Work order:
Using the listing below, set down exactly the lines starting at the line that contains "Imagem 5 da" and ending at the line that contains "Լվացքի փոշի Teo", both included, and no others.

Provided records:

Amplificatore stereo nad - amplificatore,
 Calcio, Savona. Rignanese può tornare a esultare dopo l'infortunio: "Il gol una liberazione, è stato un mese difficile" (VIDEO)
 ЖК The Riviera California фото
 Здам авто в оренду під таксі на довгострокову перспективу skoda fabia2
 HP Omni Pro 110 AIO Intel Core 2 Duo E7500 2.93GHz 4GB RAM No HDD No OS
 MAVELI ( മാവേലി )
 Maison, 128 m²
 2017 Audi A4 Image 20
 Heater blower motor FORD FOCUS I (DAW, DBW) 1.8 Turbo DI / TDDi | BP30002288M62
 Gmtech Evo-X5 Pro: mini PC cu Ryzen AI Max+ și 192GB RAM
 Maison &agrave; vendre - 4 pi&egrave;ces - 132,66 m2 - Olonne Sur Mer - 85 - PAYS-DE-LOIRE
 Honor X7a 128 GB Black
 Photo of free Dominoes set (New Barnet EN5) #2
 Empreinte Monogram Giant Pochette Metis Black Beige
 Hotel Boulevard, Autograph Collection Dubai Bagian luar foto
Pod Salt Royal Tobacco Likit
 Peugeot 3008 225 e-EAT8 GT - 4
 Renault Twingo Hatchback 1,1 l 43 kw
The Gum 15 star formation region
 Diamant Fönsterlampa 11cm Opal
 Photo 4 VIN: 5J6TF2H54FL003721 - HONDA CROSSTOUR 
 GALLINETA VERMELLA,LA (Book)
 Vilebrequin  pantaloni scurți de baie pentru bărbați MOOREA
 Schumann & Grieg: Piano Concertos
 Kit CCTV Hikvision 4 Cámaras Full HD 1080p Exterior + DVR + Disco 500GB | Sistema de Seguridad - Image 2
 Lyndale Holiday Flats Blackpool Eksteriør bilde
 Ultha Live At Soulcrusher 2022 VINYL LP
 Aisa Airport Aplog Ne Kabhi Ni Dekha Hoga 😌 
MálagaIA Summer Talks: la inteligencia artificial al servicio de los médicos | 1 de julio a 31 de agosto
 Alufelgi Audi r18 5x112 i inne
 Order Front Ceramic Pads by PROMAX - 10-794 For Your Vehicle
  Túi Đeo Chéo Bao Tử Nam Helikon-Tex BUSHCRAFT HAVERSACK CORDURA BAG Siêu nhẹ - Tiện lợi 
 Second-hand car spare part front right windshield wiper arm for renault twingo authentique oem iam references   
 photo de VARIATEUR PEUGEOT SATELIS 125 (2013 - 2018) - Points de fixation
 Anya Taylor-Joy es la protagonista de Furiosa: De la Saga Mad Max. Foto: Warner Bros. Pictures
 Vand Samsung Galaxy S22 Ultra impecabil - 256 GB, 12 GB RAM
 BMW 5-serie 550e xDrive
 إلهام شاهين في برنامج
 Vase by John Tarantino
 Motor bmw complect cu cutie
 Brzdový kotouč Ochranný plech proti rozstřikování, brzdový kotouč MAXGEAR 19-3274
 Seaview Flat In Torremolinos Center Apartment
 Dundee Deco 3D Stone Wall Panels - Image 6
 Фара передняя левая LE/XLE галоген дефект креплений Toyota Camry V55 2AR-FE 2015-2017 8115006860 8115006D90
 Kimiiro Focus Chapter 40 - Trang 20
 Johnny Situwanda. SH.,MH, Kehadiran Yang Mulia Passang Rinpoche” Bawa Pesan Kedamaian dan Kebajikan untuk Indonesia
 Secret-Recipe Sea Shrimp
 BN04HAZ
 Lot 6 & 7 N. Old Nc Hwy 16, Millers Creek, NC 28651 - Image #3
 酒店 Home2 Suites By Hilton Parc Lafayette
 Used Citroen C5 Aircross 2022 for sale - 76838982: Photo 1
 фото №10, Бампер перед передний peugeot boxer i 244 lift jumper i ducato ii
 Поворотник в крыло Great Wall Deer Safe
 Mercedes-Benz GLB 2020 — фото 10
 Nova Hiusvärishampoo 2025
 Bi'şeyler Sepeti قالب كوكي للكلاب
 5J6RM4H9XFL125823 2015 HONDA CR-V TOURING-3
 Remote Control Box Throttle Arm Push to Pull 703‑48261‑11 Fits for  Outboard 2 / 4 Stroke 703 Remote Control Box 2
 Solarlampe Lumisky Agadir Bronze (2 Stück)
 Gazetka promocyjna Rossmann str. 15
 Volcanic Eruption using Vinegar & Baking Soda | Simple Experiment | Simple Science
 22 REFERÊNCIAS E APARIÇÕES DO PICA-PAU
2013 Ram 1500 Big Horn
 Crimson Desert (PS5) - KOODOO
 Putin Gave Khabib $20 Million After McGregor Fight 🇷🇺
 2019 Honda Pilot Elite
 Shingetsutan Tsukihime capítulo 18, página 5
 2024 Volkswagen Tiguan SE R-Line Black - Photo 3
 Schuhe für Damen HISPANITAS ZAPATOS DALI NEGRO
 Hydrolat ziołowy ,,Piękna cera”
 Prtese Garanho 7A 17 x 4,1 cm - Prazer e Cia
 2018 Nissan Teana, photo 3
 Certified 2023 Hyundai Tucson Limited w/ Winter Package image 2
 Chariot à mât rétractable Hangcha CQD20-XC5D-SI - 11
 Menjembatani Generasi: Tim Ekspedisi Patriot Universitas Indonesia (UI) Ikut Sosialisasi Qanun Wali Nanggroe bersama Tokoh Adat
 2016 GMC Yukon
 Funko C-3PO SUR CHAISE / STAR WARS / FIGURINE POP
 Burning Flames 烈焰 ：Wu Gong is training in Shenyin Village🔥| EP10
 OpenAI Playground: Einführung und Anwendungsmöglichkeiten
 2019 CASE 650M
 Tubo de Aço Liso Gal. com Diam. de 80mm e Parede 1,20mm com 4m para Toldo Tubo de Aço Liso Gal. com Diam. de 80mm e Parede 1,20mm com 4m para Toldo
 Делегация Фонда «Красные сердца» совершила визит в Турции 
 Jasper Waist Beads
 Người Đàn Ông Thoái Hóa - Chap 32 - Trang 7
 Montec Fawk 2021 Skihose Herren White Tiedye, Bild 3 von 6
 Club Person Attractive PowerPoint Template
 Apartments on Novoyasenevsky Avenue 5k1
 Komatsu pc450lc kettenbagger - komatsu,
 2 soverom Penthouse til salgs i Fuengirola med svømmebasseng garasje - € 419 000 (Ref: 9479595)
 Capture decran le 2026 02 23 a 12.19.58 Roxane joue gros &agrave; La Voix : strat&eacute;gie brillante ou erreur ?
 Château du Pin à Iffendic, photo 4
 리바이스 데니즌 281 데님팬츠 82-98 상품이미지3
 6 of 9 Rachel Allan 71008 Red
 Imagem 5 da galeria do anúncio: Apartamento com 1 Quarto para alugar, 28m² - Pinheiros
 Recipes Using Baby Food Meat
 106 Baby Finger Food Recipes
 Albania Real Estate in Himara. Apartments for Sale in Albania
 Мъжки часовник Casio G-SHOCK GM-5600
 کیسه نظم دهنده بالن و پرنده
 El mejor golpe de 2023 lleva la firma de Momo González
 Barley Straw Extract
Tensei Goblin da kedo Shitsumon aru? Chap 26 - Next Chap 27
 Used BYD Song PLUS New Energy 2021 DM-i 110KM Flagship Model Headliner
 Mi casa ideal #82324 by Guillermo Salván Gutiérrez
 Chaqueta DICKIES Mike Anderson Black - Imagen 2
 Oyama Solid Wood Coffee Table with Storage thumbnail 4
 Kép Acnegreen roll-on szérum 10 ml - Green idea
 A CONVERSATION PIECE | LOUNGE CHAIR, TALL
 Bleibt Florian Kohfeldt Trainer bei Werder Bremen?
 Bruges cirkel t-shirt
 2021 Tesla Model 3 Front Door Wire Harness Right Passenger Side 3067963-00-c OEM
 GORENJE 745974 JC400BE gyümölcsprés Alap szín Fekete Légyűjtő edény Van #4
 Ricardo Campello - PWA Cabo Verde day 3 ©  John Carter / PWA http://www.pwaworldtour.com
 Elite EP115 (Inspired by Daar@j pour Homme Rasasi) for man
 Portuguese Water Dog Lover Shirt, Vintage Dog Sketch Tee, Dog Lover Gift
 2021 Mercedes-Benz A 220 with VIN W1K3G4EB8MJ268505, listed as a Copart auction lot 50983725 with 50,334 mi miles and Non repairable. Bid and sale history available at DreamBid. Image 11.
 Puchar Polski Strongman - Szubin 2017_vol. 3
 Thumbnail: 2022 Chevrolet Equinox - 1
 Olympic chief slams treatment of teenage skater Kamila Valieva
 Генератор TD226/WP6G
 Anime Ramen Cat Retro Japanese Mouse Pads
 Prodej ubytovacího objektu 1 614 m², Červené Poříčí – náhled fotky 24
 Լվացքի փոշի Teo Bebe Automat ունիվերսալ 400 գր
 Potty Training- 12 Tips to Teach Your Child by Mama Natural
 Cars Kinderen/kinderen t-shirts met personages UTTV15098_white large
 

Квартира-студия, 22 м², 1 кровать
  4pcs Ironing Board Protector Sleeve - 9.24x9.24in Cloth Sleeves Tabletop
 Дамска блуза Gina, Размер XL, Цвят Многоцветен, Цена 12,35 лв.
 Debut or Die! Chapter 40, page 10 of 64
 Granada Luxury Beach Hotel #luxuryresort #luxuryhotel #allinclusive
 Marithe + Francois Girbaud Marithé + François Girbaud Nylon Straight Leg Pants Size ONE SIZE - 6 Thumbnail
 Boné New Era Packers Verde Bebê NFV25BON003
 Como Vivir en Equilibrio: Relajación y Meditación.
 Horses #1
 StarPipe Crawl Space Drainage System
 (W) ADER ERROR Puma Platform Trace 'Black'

Result of the task:
 Imagem 5 da galeria do anúncio: Apartamento com 1 Quarto para alugar, 28m² - Pinheiros
 Recipes Using Baby Food Meat
 106 Baby Finger Food Recipes
 Albania Real Estate in Himara. Apartments for Sale in Albania
 Мъжки часовник Casio G-SHOCK GM-5600
 کیسه نظم دهنده بالن و پرنده
 El mejor golpe de 2023 lleva la firma de Momo González
 Barley Straw Extract
Tensei Goblin da kedo Shitsumon aru? Chap 26 - Next Chap 27
 Used BYD Song PLUS New Energy 2021 DM-i 110KM Flagship Model Headliner
 Mi casa ideal #82324 by Guillermo Salván Gutiérrez
 Chaqueta DICKIES Mike Anderson Black - Imagen 2
 Oyama Solid Wood Coffee Table with Storage thumbnail 4
 Kép Acnegreen roll-on szérum 10 ml - Green idea
 A CONVERSATION PIECE | LOUNGE CHAIR, TALL
 Bleibt Florian Kohfeldt Trainer bei Werder Bremen?
 Bruges cirkel t-shirt
 2021 Tesla Model 3 Front Door Wire Harness Right Passenger Side 3067963-00-c OEM
 GORENJE 745974 JC400BE gyümölcsprés Alap szín Fekete Légyűjtő edény Van #4
 Ricardo Campello - PWA Cabo Verde day 3 ©  John Carter / PWA http://www.pwaworldtour.com
 Elite EP115 (Inspired by Daar@j pour Homme Rasasi) for man
 Portuguese Water Dog Lover Shirt, Vintage Dog Sketch Tee, Dog Lover Gift
 2021 Mercedes-Benz A 220 with VIN W1K3G4EB8MJ268505, listed as a Copart auction lot 50983725 with 50,334 mi miles and Non repairable. Bid and sale history available at DreamBid. Image 11.
 Puchar Polski Strongman - Szubin 2017_vol. 3
 Thumbnail: 2022 Chevrolet Equinox - 1
 Olympic chief slams treatment of teenage skater Kamila Valieva
 Генератор TD226/WP6G
 Anime Ramen Cat Retro Japanese Mouse Pads
 Prodej ubytovacího objektu 1 614 m², Červené Poříčí – náhled fotky 24
 Լվացքի փոշի Teo Bebe Automat ունիվերսալ 400 գր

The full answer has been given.